Les manifestations en Iran, qui ont débuté fin décembre dans un contexte de situation économique très dégradée, ont pris en janvier une ampleur inédite dans tout le pays pour réclamer la fin de la République islamique. En réaction à cette vague massive de protestation, le régime des Mollahs a coupé Internet, procédé à des arrestations et ordonné à la police de tirer à balle réelle dans la foule.
Le 14 janvier, l’ONG Iran Human Rights (IHR) évoquait un bilan d’au moins 3 428 manifestants tués dans 15 provinces du pays depuis le début des manifestations. Entre le 8 et le 12 janvier seulement, au moins 3 379 manifestants auraient péri, la plupart âgés de moins de 30 ans.
Artists at Risk Connection (ARC) a rapporté le 13 janvier la mort d’au moins quatre artistes, visés par les forces de police.
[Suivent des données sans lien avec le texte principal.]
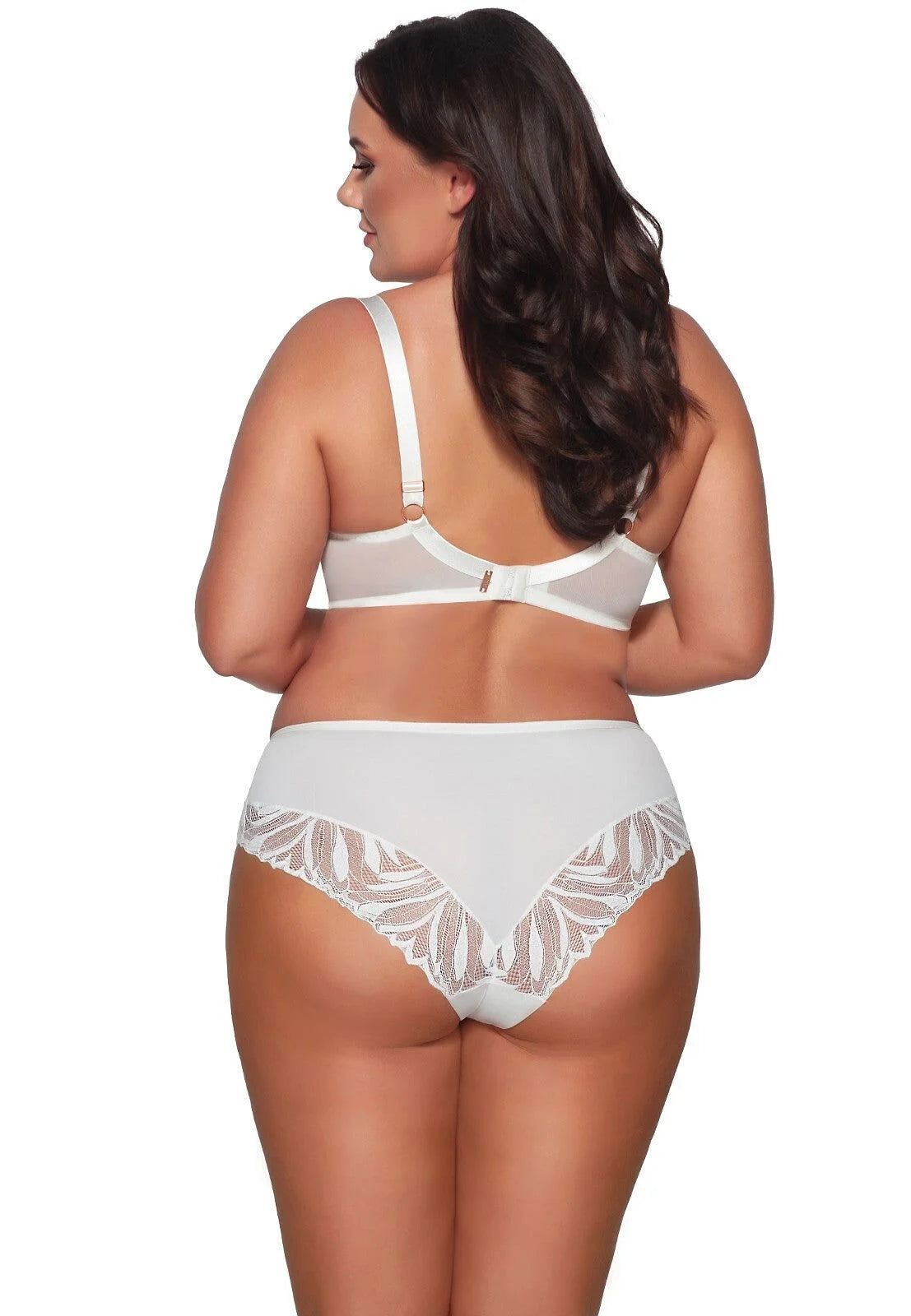 Yasmin | slip in microfibra e pizzo - ecru - 2107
Dans un communiqué, l’ONG déclare : « Artists at Risk Connection (ARC) condamne fermement les meurtres d’artistes commis par la police et les milices en Iran, dans le contexte des manifestations populaires qui ont éclaté dans tout le pays le 28 décembre 2025. Malgré les restrictions sévères imposées à l’information, notamment la coupure d’Internet et des réseaux mobiles par le gouvernement, des organisations de défense des droits humains et des médias internationaux crédibles rapportent que des milliers de civils ont été tués. »
Parmi les victimes, précise l’ARC, figurent le sculpteur Mehdi Salahshour, abattu par les forces gouvernementales iraniennes lors des manifestations à Mashhad le 8 janvier ; le cinéaste Javad Ganji, tué dans le quartier de Sadeghiyeh à Téhéran le 9 janvier ; la créatrice de mode et étudiante Rubina Aminian, abattue d’une balle dans la tête à bout portant par-derrière après avoir quitté l’université pour rejoindre ses camarades lors d’une manifestation le 8 janvier ; l’artiste hip-hop Soroush Soleimani, visé par les forces gouvernementales lors d’une manifestation le 3 janvier dans sa ville natale de Hafshejan.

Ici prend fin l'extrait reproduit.